── Given records

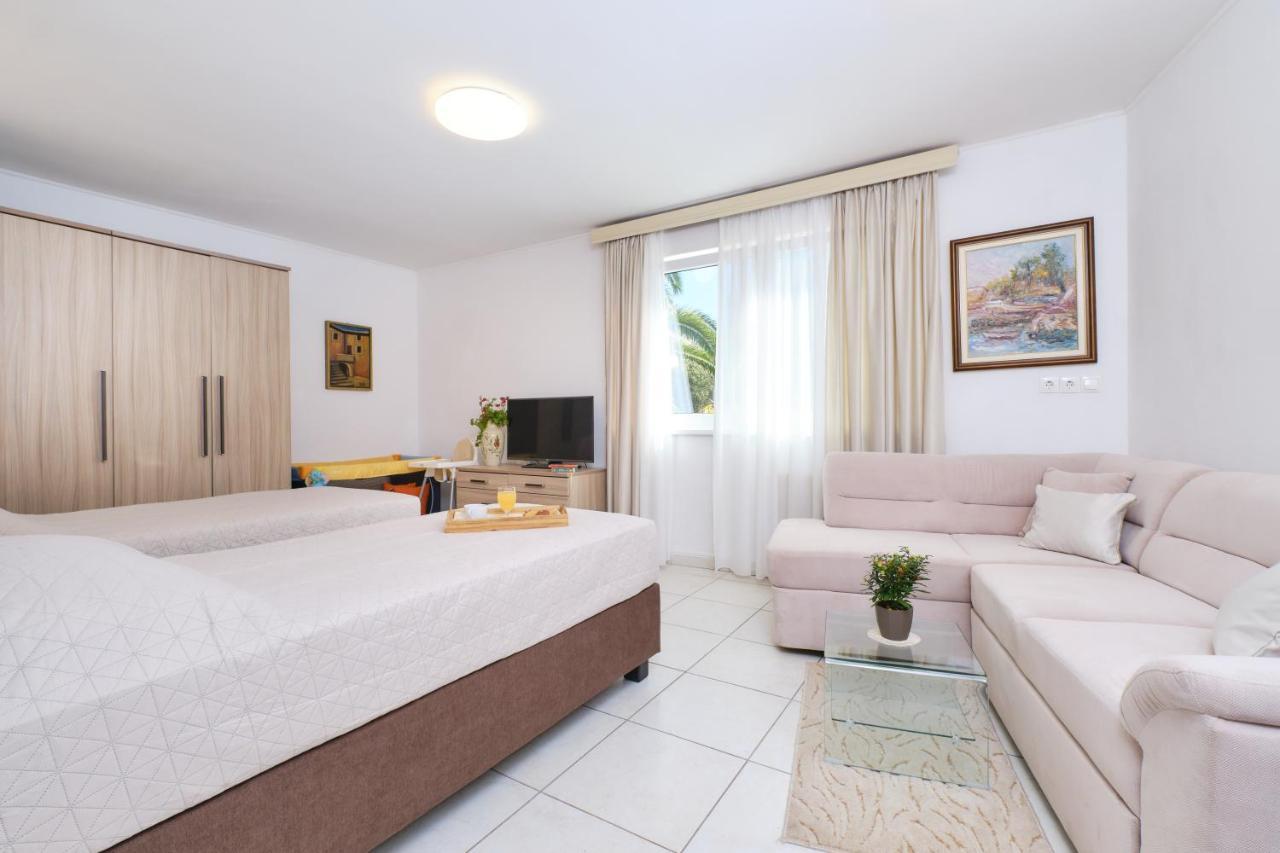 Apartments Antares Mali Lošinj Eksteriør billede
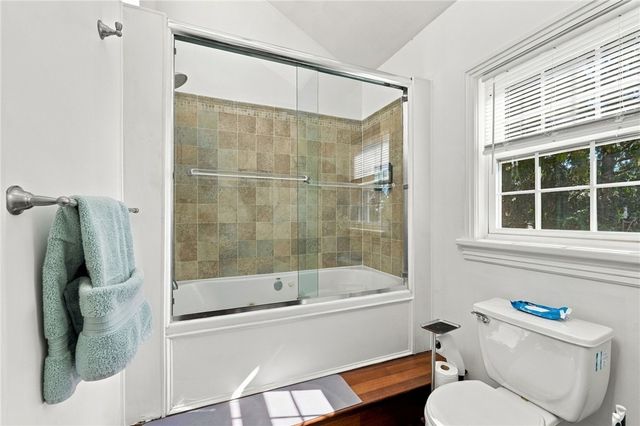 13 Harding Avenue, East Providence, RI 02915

────
── Given records

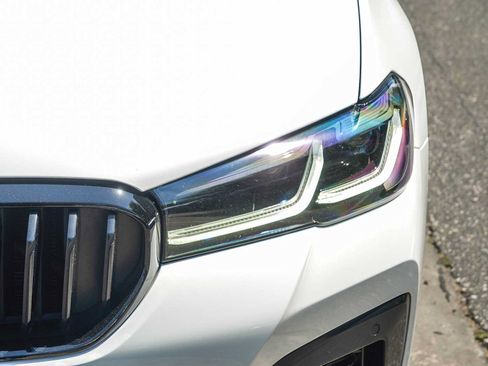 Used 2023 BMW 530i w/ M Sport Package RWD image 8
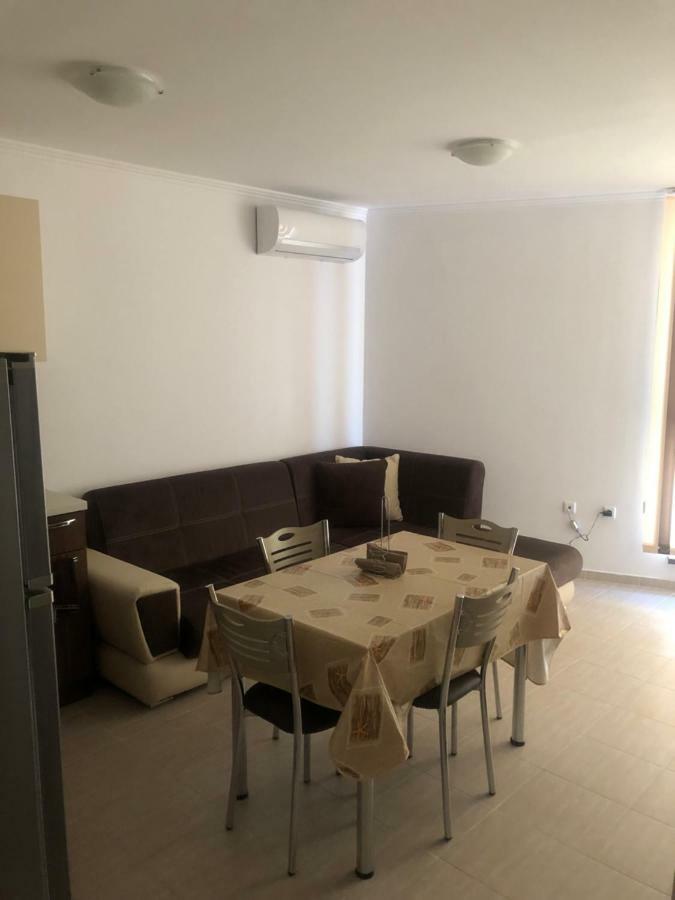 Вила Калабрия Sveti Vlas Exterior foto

────

### Your objective
Would you please repeat only the lines above, beginning at the one that has "Apartments Antares Mali" and stopping after the one that has "13 Harding Avenue, East Providence, RI 02915", exactly and with no pictures?

### Exercise answer
 Apartments Antares Mali Lošinj Eksteriør billede
 13 Harding Avenue, East Providence, RI 02915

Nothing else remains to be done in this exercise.